Lisboa, 17 de Outubro de 2013.
Meu querido Karol,
Queria poder dizer-te algumas coisas. Que não disse porque não fui capaz ou porque não deixaram que te dissesse. Mas eu preciso de te dizer isto. Ansiei várias vezes pelo nosso encontro, imaginei-o mas nunca pensei que fosse assim... Ontem, fez 35 anos que foste escolhido para ficares à frente da Igreja de Jesus. Mal se deu por isso. Talvez porque o teu sucessor tem sido espectacular... Como tu.
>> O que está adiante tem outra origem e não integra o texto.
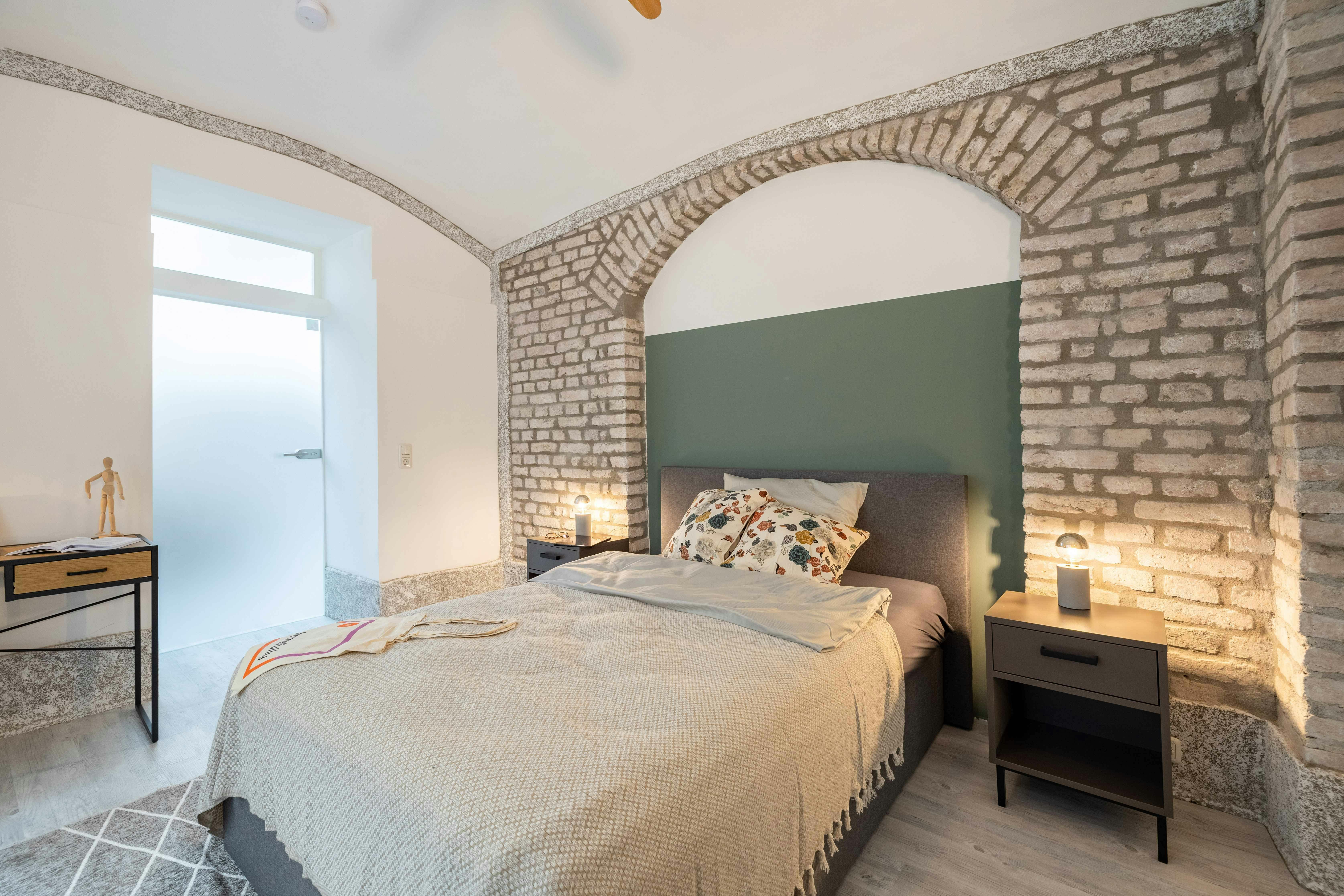 Edelweißstraße, Munich preview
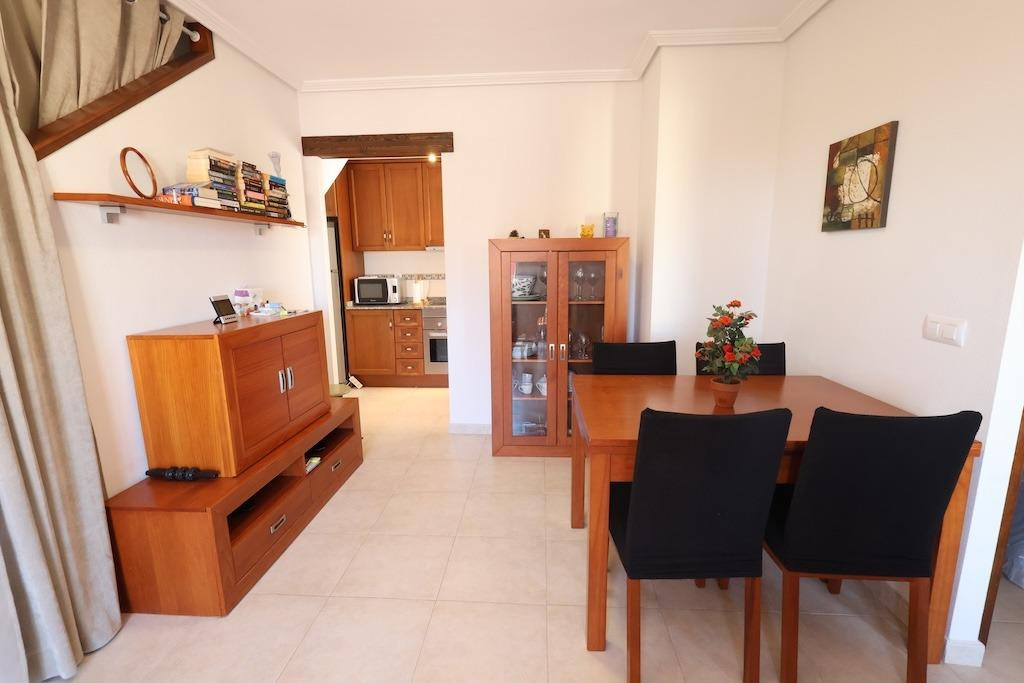 For sale - 2 Bedroom 1 Bathroom Apartment - Top Floor Apartment in Torrevieja - Torrevieja Centro  - Alicante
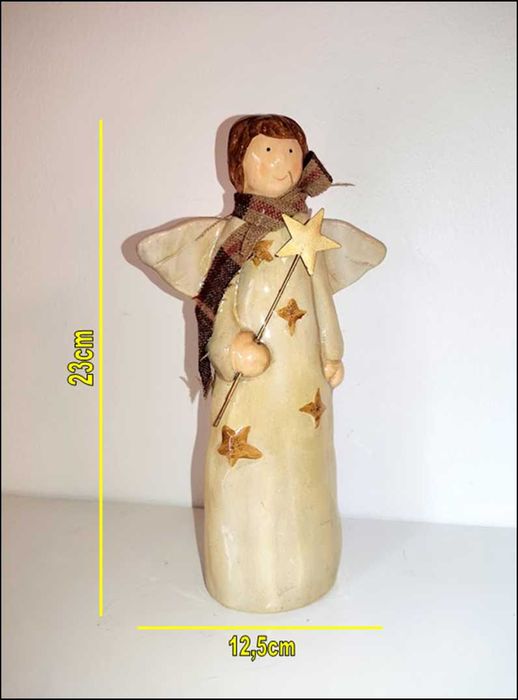 Anjo em cerâmica vidrada com adereço em tecido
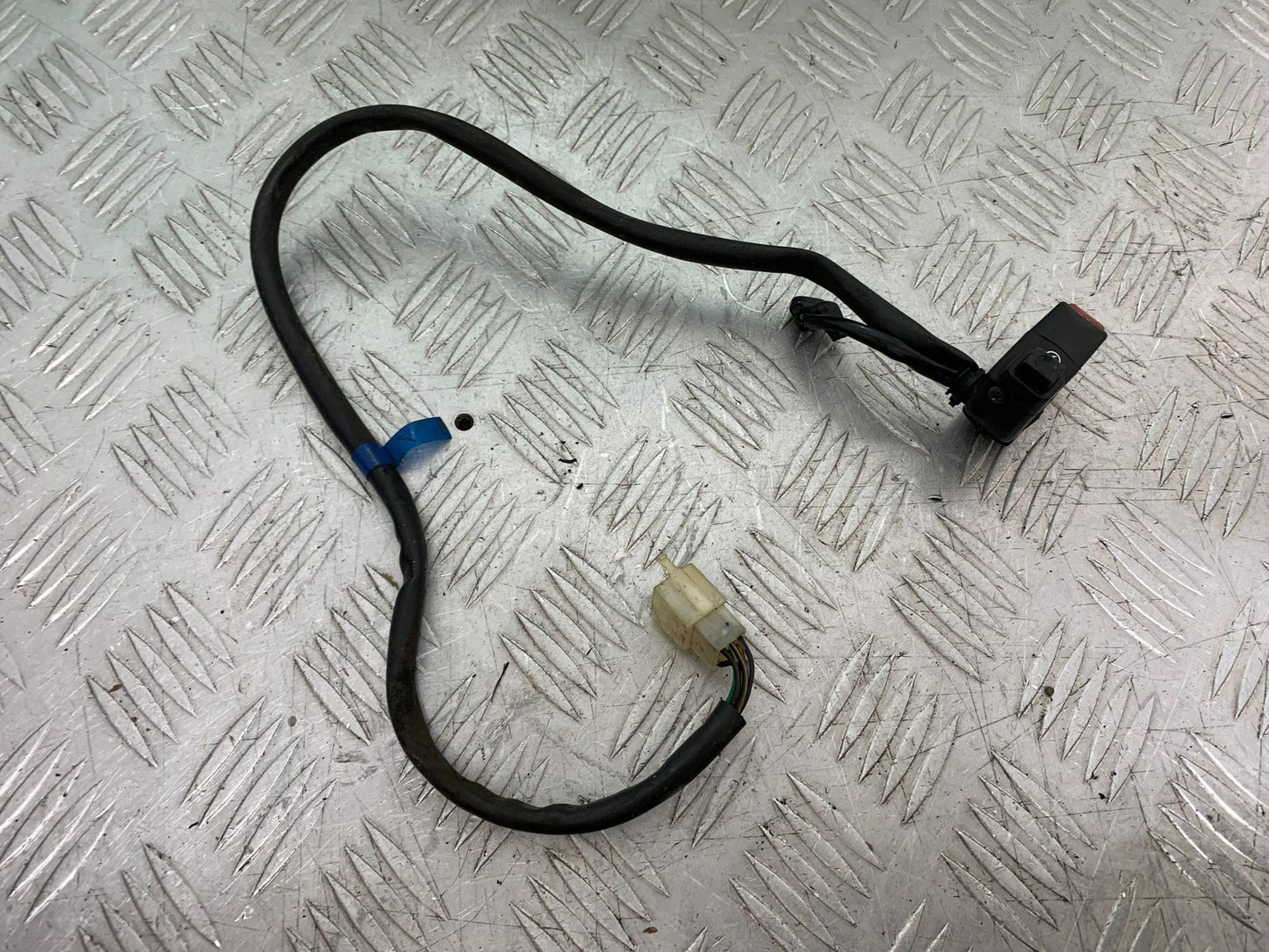 HONDA XL125 VARADERO RIGHT SWITCH GEAR  YEAR 2001-2006  (CMB1304)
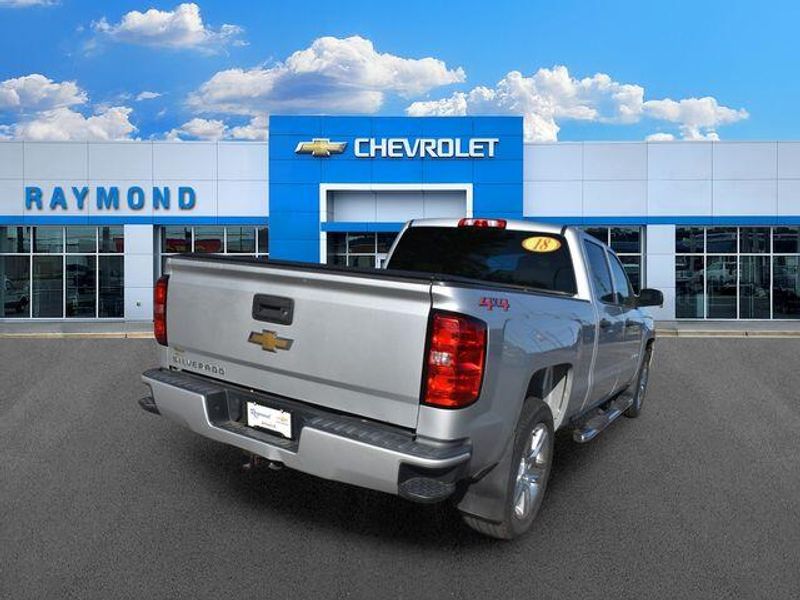 Used 2018 Chevrolet Silverado 1500 CustomImage 3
Lembro-me da manhã do nosso encontro.5 de Agosto de 2013. São oito e pouco da manhã quando o meu coração bate a repique: estou em São Pedro e vou entrar na Basílica. Com pessoas que amo profundamente. Sabes? Passo em frente à grande Pietá de Michelangelo e mal reparo nela. Há outra coisa que me atraí, como um íman: o teu sepulcro. Depressa entendo que o nosso encontro vai ser adiado porque estás "ocupado": há missa com um grupo de jovens polacos de t-shirt amarela. A visita à Basílica irá então prosseguir. Mas eu sei que quero voltar para falar contigo. Conhecemos o Don Marco e temos a Graça de irmos ao Scavi de S. Pedro. Com a graça de vermos a beleza de Roma a partir da Cúpula. Regressamos à Basílica e dirijo-me ao teu túmulo. Ajoelho-me. E choro. Peço-te que me ajudes a ser como tu! Hoje percebo um pouco melhor o alcance do teu pedido: ser como tu é ser como Jesus. E rezo, sempre de olhos molhados, sem ter noção do tempo. De repente, uma mão no meu ombro: o meu melhor amigo chama-me: é preciso ir embora. Teria ficado ali horas a fio, contigo mas tenho de me despedir.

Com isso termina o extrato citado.